---- Data extract

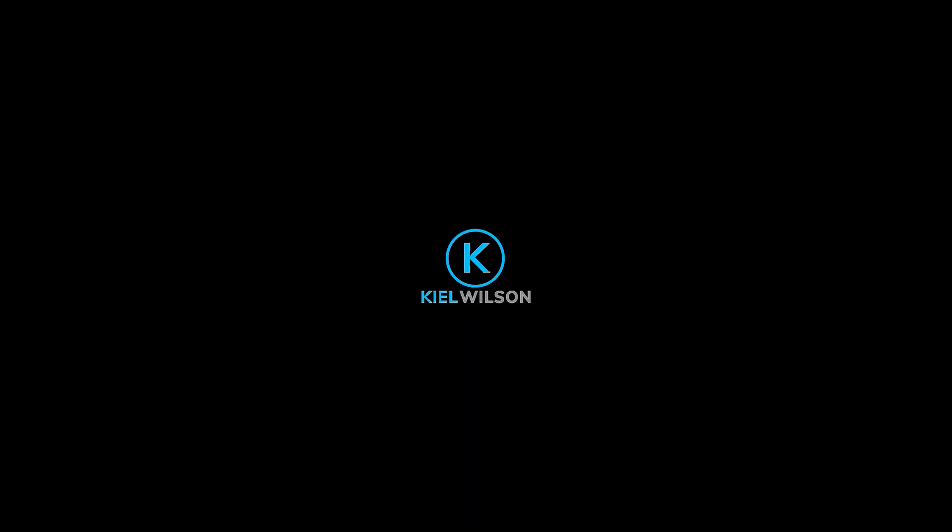Thanks so much for coming by and checking out this video. Looking forward to seeing you in the next one, and until I do, have yourself a powerful day.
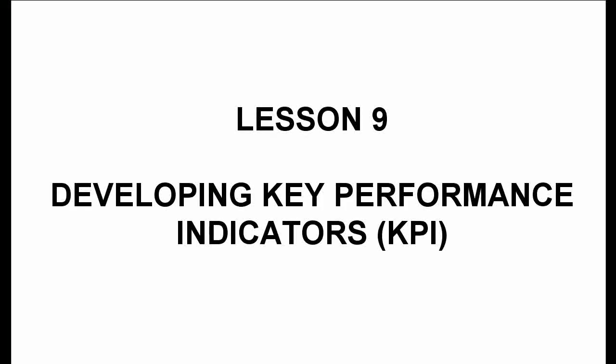Lesson 9. Developing Key Performance Indicators, KPI.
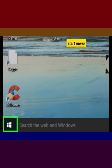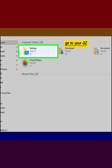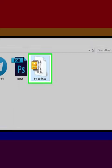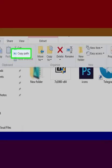Open the Start Menu, then open File Explorer. Go to your GZ folder's location and select your GZ folder. Click the Home tab, then click Copy Path.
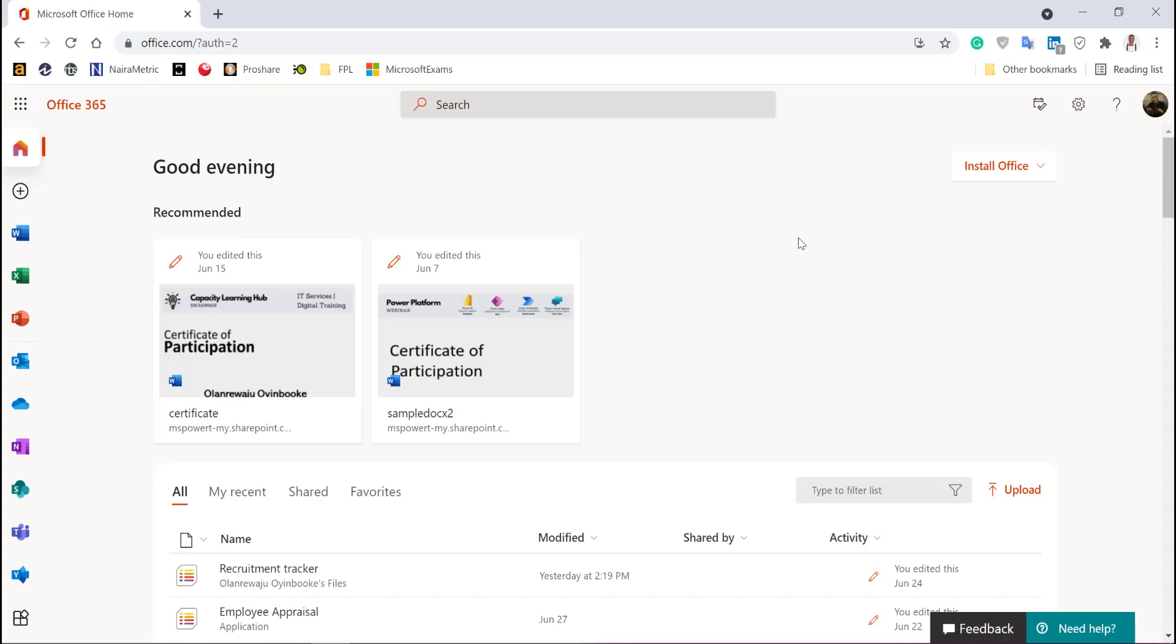Welcome back. Right now, I'm in Office 365 portal. You must have a valid Office 365 license, which is now Microsoft 365.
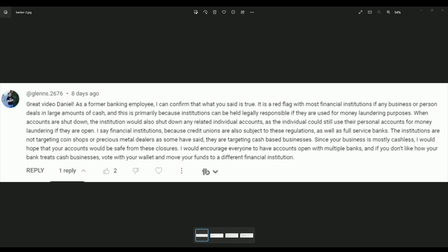So first off, great video, Daniel. As a former banking employee, I can confirm that what you said is true. It is a red flag with most financial institutions if any business or person deals in large amounts of cash. And this is primarily because institutions can be held legally responsible if they are used for money laundering purposes. When accounts are shut down, the institution would also shut down any related individual accounts, as the individual could still use their personal accounts for money laundering if they are open.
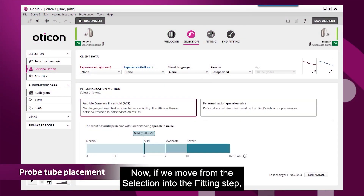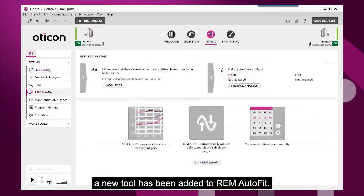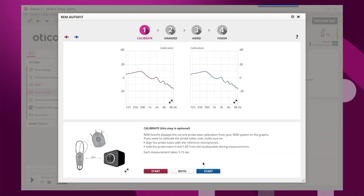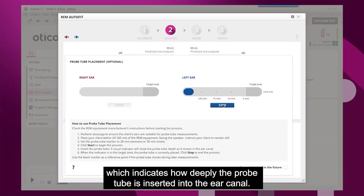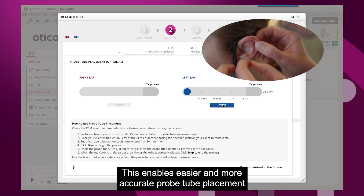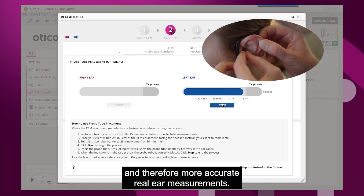If we move from the selection into the fitting step, a new tool has been added to REM AutoFit. There is now a helpful REM probe tube placement tool, which indicates how deeply the probe tube is inserted into the ear canal. This enables easier and more accurate probe tube placement, and therefore more accurate rear-ear measurements.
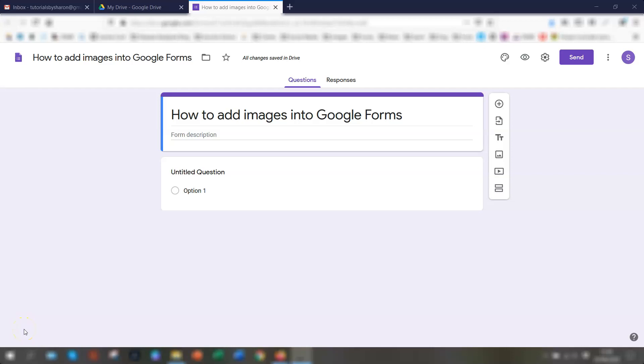Hi guys, if you use Google Forms quite a lot, then you know how good it is for designing surveys or quizzes. And the best thing about it is that it's free as well. So it's an ideal tool for surveys.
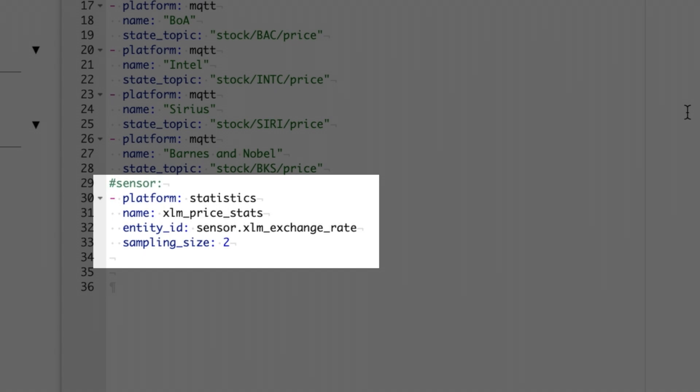If you're adding this to your sensors.yaml, then all you need is platform: statistics. For name, give it something unique — I'm using XLM price stats. The entity_id is going to be the name of your exchange rate sensor, like sensor.xlm_exchange_rate. By default, this sensor looks at the last 20 historical values. For this use case, a good sample might just be two or three, because we want to see the most recent change in value. Take a moment to understand the frequency this sensor updates, then adjust the sample size as needed.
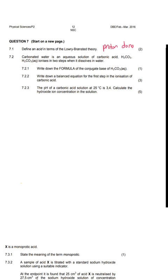We're looking at the FIB March 2016 Grade 12 examination Paper 2, and this is a question on acids and bases. Question 7.1: define an acid in terms of Lowry-Bronsted theory. We know that an acid is a proton donor, and in acids and bases, when we refer to a proton we are referring to the H⁺ ion or the H3O⁺ ion — both mean the same thing.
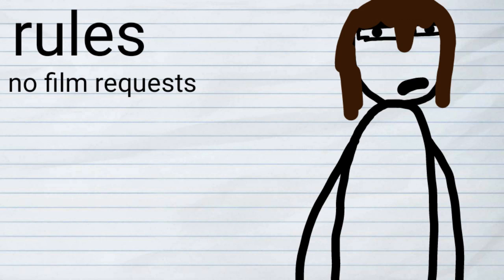Rule number one, no film requests. Look, I get it. The fanfilms are the biggest thing on this channel. I know that. I love making these things. But I know you guys want to see your favorite horror franchises into the fanverse.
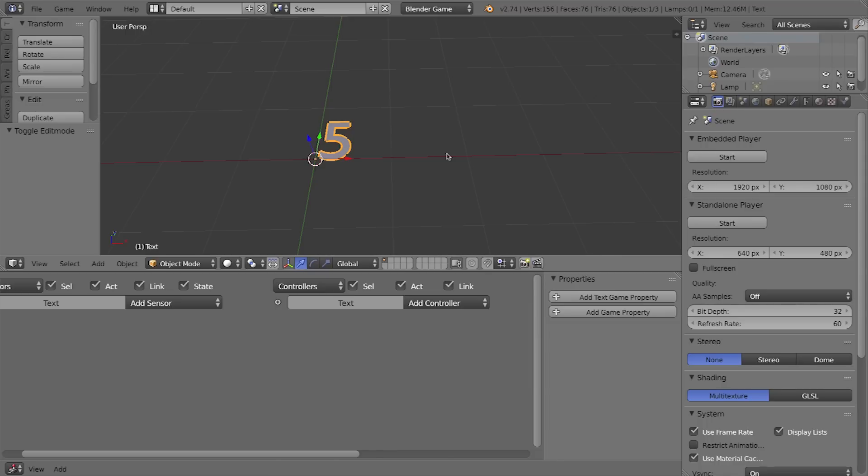I type 5 because I want this to be a countdown timer from 5 seconds. I'm keeping this short for this video but you would probably want to have longer than that, maybe 30 seconds or a minute or whatever it is for your game.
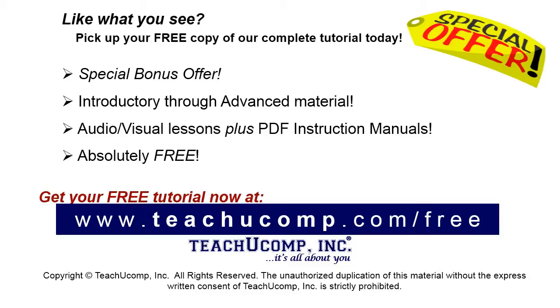Like what you see? Pick up your free copy of the complete tutorial at www.teachucomp.com/free.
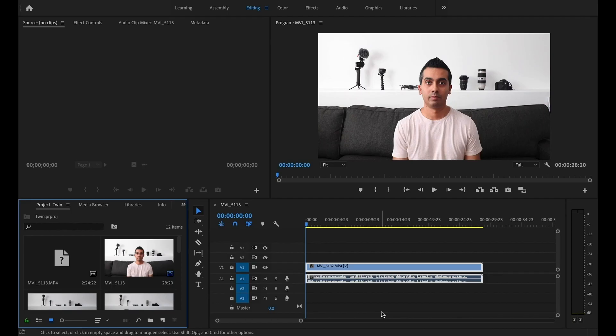Now we are in Adobe Premiere. Let's take a look at what this clip looks like — it's going to be completely unedited, completely raw, so you guys can get a sense of the background noise or white noise I was referring to earlier. I'll go ahead and play that clip now.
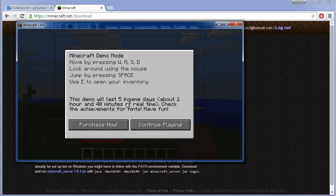The demo will last five in-game days, which is about one hour and 40 minutes.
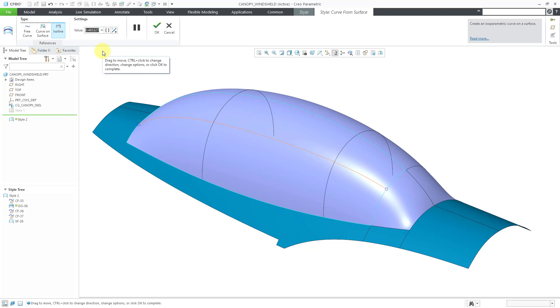Right now, we have a value of almost 0.5. Let's change it to 0.2. You can see where it changes where it's located. Let's change to 0.8. It updates again.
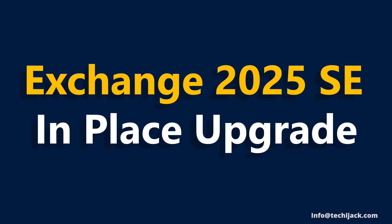Welcome back to TechyJack. Today in this video, we are going to see the in-place upgrade of Exchange Server 2019 CU15 to the new Exchange Server 2025 Subscription Edition.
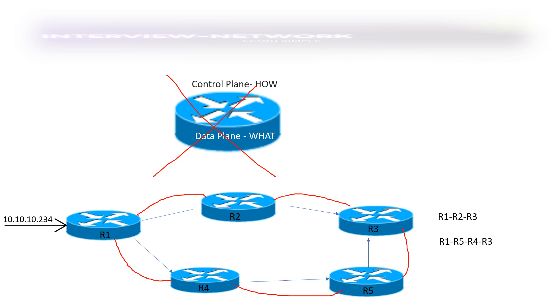So as you can see here, R1 will maintain its own routing table as its control plane and on the basis of best route to send this prefix learned by R1, it will decide the best path to send this learned prefix. So it might send via R2 and then reach R3 or it might send via R4, R5 and then R3 depending upon the other parameters that we have in traditional routing.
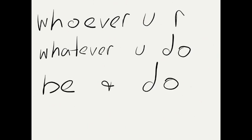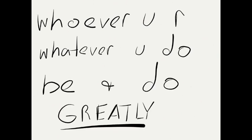Seriously. Whoever you are, whatever you do, be and do greatly.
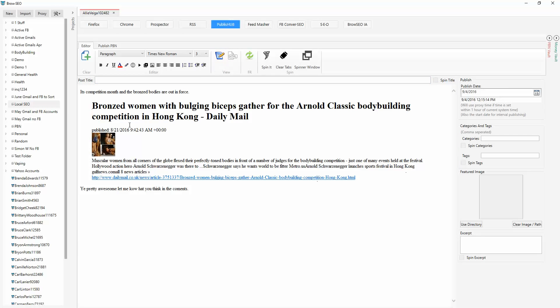This is good enough — just a nice snippet of content that you can post to your WordPress blogs and WordPress.com blogs. Give it a nice unique title. So: 'Bronzed women with bulging biceps gather for the Arnold Classic.' Arnold is at it again with those bulging biceps.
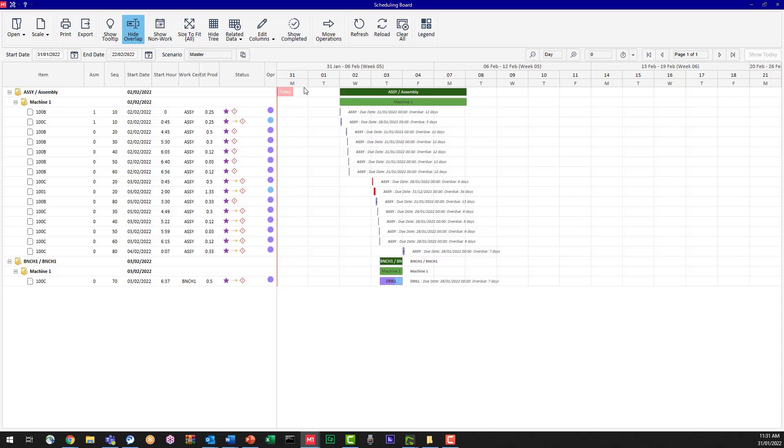So some of our customers wonder what the reload is versus the refresh. The reload gives you fresh data from jobs that are in M1, and refresh changes what is being displayed.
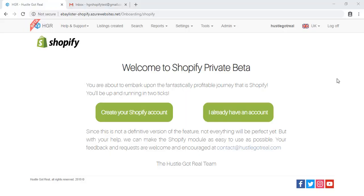Hello everyone! Welcome to our Shopify Private Beta Program. Today's video is for those of you who don't have a Shopify store yet. In order to create one for free, you need to click on Create your Shopify account.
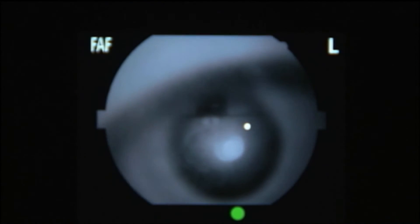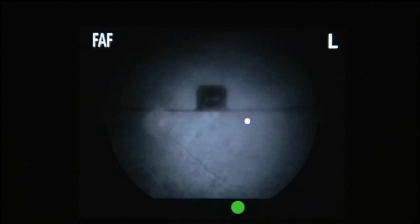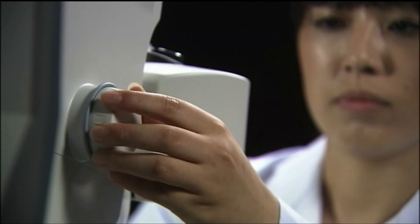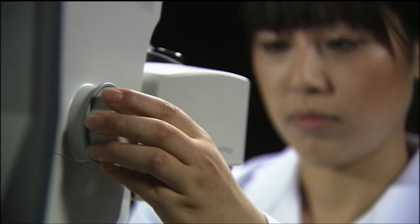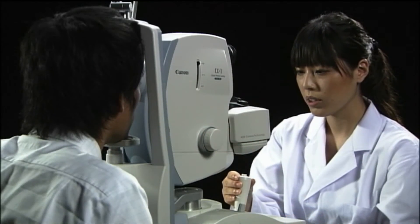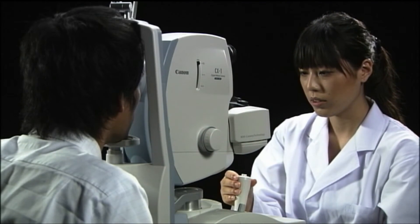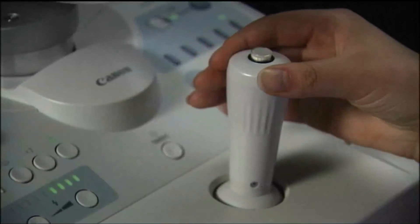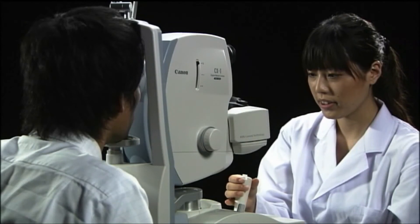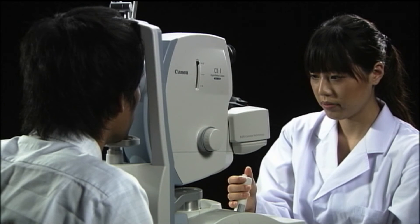Check the positioning for the retinal image. Adjust the focus. And finally, perform the fine adjustments and capture the image.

--------

▶ [The problem]: If a line comes after the line with "So first off, great", it stays out; print exactly every line from the start of the entries up to and including that line, but no pictures.

▶ [Completed exercise]:
Thanks so much for coming by and checking out this video. Looking forward to seeing you in the next one, and until I do, have yourself a powerful day.
Lesson 9. Developing Key Performance Indicators, KPI.
Open the Start Menu, then open File Explorer. Go to your GZ folder's location and select your GZ folder. Click the Home tab, then click Copy Path.
Welcome back. Right now, I'm in Office 365 portal. You must have a valid Office 365 license, which is now Microsoft 365.
So first off, great video, Daniel. As a former banking employee, I can confirm that what you said is true. It is a red flag with most financial institutions if any business or person deals in large amounts of cash. And this is primarily because institutions can be held legally responsible if they are used for money laundering purposes. When accounts are shut down, the institution would also shut down any related individual accounts, as the individual could still use their personal accounts for money laundering if they are open.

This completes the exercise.